*** Opening of Collected material ***

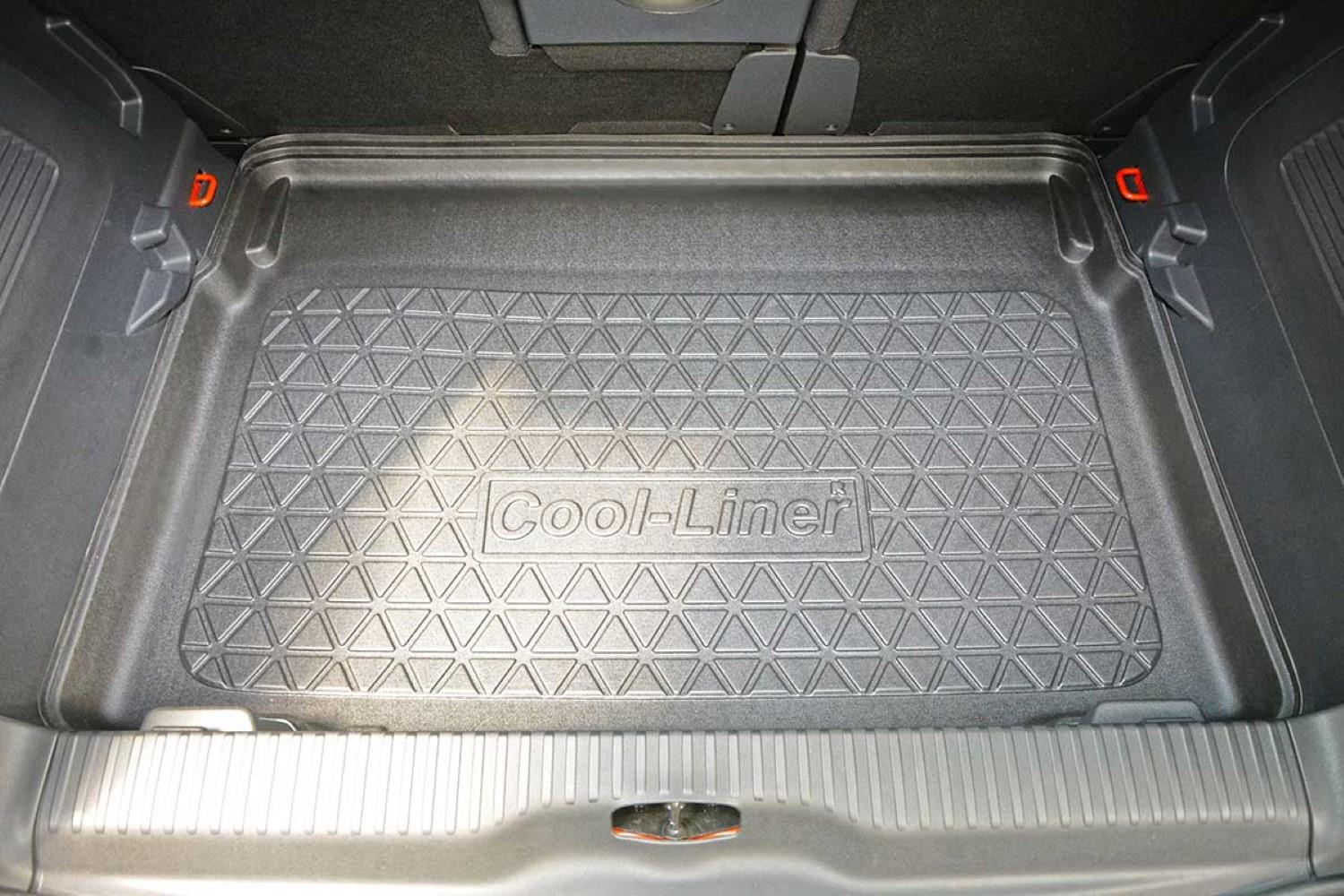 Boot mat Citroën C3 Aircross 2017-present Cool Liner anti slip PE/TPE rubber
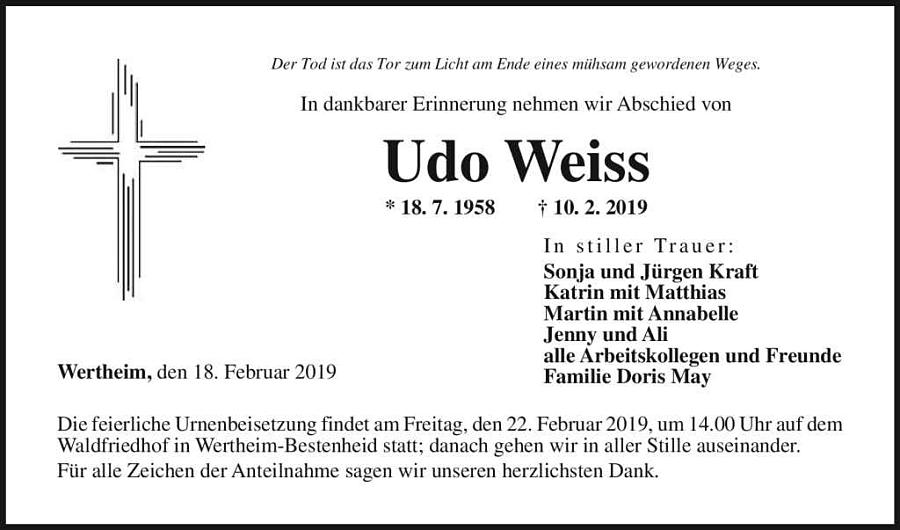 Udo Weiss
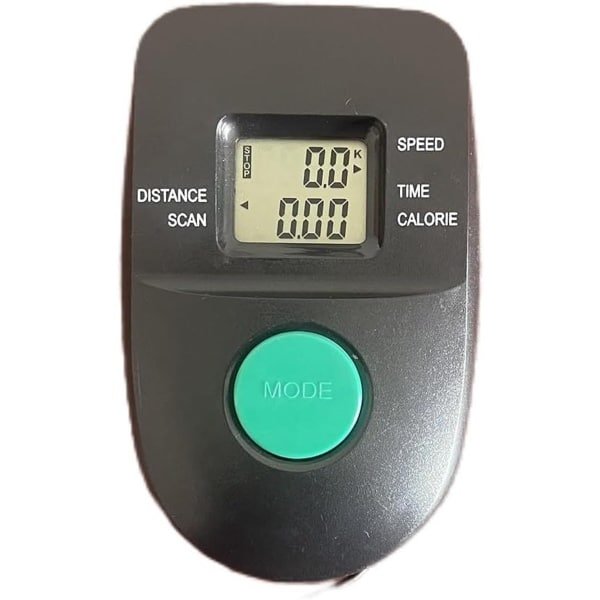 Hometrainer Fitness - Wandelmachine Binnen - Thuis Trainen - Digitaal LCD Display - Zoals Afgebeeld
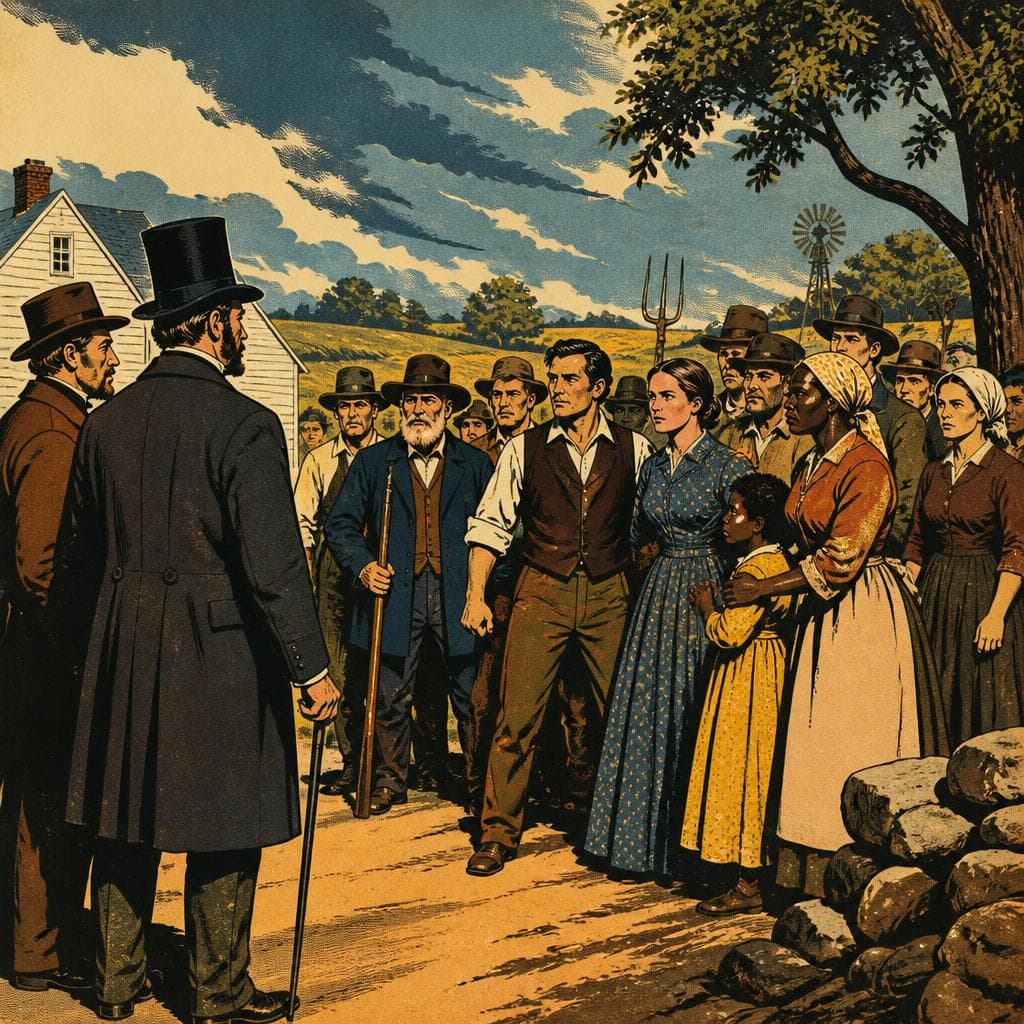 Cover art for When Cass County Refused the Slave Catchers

*** Close of Collected material ***

● Directions for this task: Go through the listing above and retype each line exactly, apart from the pictures.

● Exercise result:
 Boot mat Citroën C3 Aircross 2017-present Cool Liner anti slip PE/TPE rubber
 Udo Weiss
 Hometrainer Fitness - Wandelmachine Binnen - Thuis Trainen - Digitaal LCD Display - Zoals Afgebeeld
 Cover art for When Cass County Refused the Slave Catchers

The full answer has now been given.